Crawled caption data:

□ □ □

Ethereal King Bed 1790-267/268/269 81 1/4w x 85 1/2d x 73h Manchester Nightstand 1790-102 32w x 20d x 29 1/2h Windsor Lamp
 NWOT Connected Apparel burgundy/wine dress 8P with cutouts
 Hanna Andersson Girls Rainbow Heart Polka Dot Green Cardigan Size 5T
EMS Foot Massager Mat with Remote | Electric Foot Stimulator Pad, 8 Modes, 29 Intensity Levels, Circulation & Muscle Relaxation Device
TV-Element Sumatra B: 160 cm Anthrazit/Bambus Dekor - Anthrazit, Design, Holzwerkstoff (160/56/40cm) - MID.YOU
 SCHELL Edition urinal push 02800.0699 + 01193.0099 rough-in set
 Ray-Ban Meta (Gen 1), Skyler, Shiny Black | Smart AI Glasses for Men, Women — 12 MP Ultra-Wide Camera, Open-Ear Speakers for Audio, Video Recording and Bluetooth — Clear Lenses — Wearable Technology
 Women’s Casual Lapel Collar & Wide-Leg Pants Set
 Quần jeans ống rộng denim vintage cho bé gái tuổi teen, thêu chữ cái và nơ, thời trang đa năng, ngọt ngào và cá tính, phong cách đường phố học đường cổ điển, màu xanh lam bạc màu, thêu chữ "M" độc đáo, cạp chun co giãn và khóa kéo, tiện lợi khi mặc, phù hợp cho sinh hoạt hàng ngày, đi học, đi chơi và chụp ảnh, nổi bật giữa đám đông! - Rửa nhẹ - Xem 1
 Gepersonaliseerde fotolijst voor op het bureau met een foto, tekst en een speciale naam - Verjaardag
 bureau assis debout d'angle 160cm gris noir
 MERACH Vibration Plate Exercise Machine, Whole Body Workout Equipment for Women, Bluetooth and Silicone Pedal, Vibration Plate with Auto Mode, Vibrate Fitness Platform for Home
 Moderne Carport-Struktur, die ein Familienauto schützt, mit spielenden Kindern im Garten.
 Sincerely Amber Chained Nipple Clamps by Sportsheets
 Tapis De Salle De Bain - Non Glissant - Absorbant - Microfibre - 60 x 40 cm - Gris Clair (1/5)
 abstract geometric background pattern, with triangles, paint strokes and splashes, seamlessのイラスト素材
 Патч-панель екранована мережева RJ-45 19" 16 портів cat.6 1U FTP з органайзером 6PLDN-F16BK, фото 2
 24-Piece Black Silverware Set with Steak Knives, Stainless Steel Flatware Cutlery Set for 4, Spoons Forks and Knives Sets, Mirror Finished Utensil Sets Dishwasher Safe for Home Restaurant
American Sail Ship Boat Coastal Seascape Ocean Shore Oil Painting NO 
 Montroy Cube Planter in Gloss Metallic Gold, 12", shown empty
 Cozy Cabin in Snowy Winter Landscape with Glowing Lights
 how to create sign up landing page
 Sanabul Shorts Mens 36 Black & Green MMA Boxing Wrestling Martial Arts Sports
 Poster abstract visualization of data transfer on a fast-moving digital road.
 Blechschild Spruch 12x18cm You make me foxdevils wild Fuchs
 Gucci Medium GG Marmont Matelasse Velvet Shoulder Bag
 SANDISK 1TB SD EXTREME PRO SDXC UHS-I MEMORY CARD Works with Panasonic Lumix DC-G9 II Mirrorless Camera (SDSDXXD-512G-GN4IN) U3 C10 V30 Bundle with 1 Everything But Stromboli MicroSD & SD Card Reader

□ □ □

▶ **WORK ORDER**:
Please print the records above exactly from their first line. End with the line containing "Hanna Andersson Girls", and include it.

▶ **SOLUTION**:
Ethereal King Bed 1790-267/268/269 81 1/4w x 85 1/2d x 73h Manchester Nightstand 1790-102 32w x 20d x 29 1/2h Windsor Lamp
 NWOT Connected Apparel burgundy/wine dress 8P with cutouts
 Hanna Andersson Girls Rainbow Heart Polka Dot Green Cardigan Size 5T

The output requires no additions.